Last Friday evening at the Mercury Lounge in New York City Wormburner, a Brooklyn band by-way-of Hoboken, NJ, celebrated the launch of their third album, Pleasant Living in Planned Communitites. The new album, which is officially released today, is a barreling hurricane of rock anchored by the impish tones of lead singer Hank Henry.
A cross between the chaotic beer-soaked party sound of The Hold Steady and an ambiguously Irish punk band, Wormburner have created a kinetic mix that is getting people to take notice. The band’s new single “Somewhere Else To Be,” an up-tempo head-bopper with a mosh-pit inducing chorus, is currently in heavy rotation on indie rock radio stations, including Seattle tastemakers KEXP.
Play a high-octane set of rock and roll, the band oscillated between their older in your face punk music and newer, more subtle material, manically racing from 0-30 and leaving the audience breathlessly, ecstatically hanging on.
The new music sounds more nuanced in its arrangement, adding a dark undertone to the band’s raucous mix, with echoes of Interpol or Spoon.
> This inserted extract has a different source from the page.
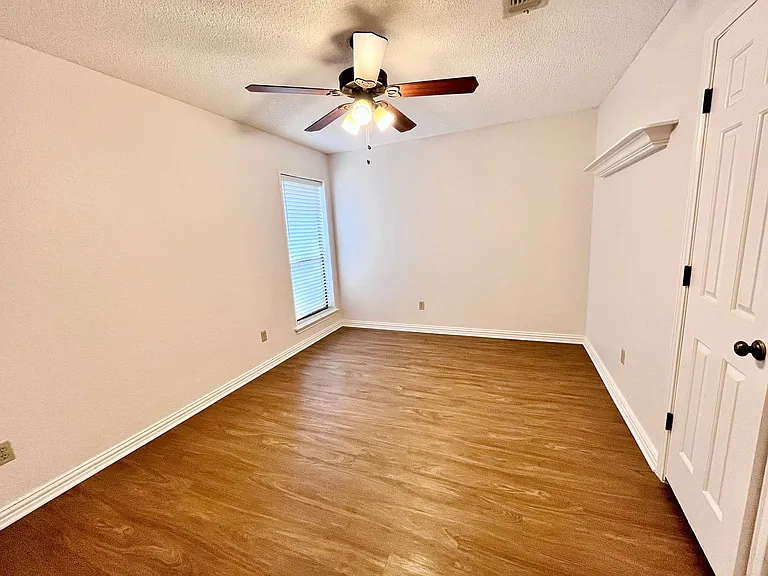 6105 Paradise Dr — Photo 19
Assisted on stage by guest guitarist Sean Eden of Luna, the band’s new sound took on an extra dimension, though by no means has it lost its kick. A high-powered listen, the new album is filled with aggressively pelvis forward rock, which had the crowd at Mercury Lounge jumping.
Though it’s hard not to get caught up in the band’s hurtling sound, if you can parse the forest from the trees, the band’s real forte is their lyrical story telling. Winding narratives with an array of disparate, colorful characters including a modern day, shell-shocked solider and an aging gay hustler, front man Henry paced the stage spouting lyrics over an avalanche of guitars.
With a mop of curly blond hair, he looked like an oversized bar mitzvah boy, aggressively spinning tales and preaching forcefully from the pulpit. However, there is nothing of the novice about Henry, who charismatically led the band with his nasal intoning, that if you close your eyes could easily be mistaken for the vocals of The Mountain Goats’ John Darnielle.
Wormburner’s focus on lyrical storytelling makes one call into question the origins of their name, which is, to say the least, uncommon. According to their bio the moniker is a slang baseball term for a fast groundball, yet for those not athletically inclined, it could easily, if mistakenly, be interpreted it in a more literal, violent sense. And the band’s raucous sound only helps to perpetuate an image of mischievous boys burning sluggish insects. In fact, this chaotic, devilish, and child-like abandon is so easily heard on the band’s new record that this definition almost seems more fitting.
Capitalizing on that reckless surrender to the music, the evening’s highlight came when, before closing their set, the band played a scorching rendition of Donovan’s oft-covered The Season of The Witch. Delivered with all the pathos and biting wickedness of the season, as Henry repeatedly cried out, “Oh nooo, must be the season of the witch,” from atop the band’s towering wall of noise, there was definitely magic in the air.